Assistant secretary at St John’s Bowling Club Joan Wild told the Post that the club has 65 playing members with seven teams playing out of the green.
It also has 250 social members: “It’s come as a great shock that the whole place is going,” she said.
“The church do own the land but there are so many people who use that complex who can’t use it in the future.
“I think that the way that they have done it is the worst. The vicar and his PCC just gave out leaflets about three weeks ago and that was it. They didn’t get in touch with any of the groups who use it.”
In place of the complex the church plans to create a new community facility which will include a new chapel and church hall, a parish office, a fully equipped kitchen and other rooms for parish and community use.
The work will be funded by the sale of part of the land to build nine apartments for over-55s and five houses.
Rev Shaun Baldwin said: “The decision to move forward with plans to redevelop the site of St Martin’s Chapel and Hall is one that has been taken prayerfully and with careful consideration of all options.
“As charity trustees the ruling body of our church has a duty to ensure the best possible management of the assets we own to fully support our key aim which is, of course, to share the Good News of Jesus Christ through mission in and with the local community.
“This site belongs to the parish church and financially it is simply not viable for us in its current form. We must take action.
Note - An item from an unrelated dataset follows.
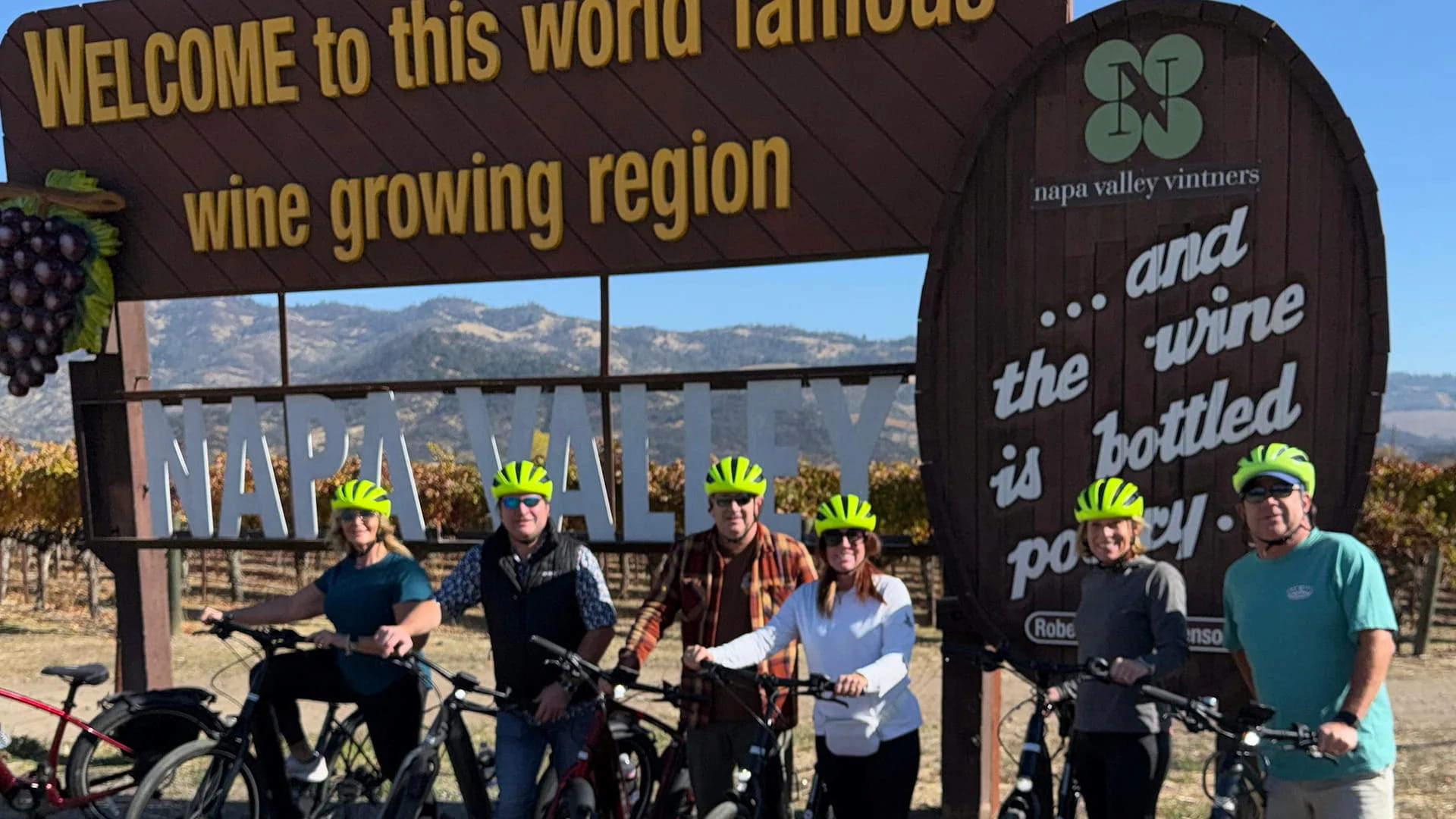 Cyclists visit Napa Valley wine region sign.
“Sadly, the present building is not fit for purpose and costs for refurbishment are coming in at upwards of £600,000 including VAT.”
He continued: “It is hugely regrettable that, as part of the planned redevelopment, some of the current facilities will be lost. We wish there was another way to achieve the same outcome, but we are confident the vast majority of people in the parish and local community will be delighted with their new facility.”
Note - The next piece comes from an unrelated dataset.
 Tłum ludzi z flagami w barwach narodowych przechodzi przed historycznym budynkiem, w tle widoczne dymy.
Nick Brown, 67, of Queens Drive in Fulwood, added: “This is going to destroy the community in this area.
“The church hall does need money spending on it but they should be looking at other ways of doing it.”
More than 500 residents turned up to a meeting on Sunday, chaired by the Bishop of Blackburn, Rt Rev Julian Henderson, to put their questions to the church.
Monica Smirk, guide leader for the fourth Broughton Guides, said: “The end result was that everyone left the meeting with nothing resolved. The church aren’t budging. They said they are not going to make us pay for the demolition.
“The one thing that they did let slip was that they’ve been looking at this since 2007. It was just a bit of an angry meeting.
“The church has allowed us to have this hut for a peppercorn rent but the church never built it - it was funded by the Guide Association. Seven units meet here from the Rainbows up to the Guides.
“We are losing a total of 250 families that we support in scouting and guiding.
“We have nowhere else to go.”
However following the public meeting on Sunday, Rev Bell said: “We have heard the breadth of opinions expressed by the wider community and we need now to pray and reflect on the discussions.”
When the Post contacted PCC treasurer Jim Titterington he declined to comment.
Leaders of the various community groups which meet at the complex are now forming an action committee.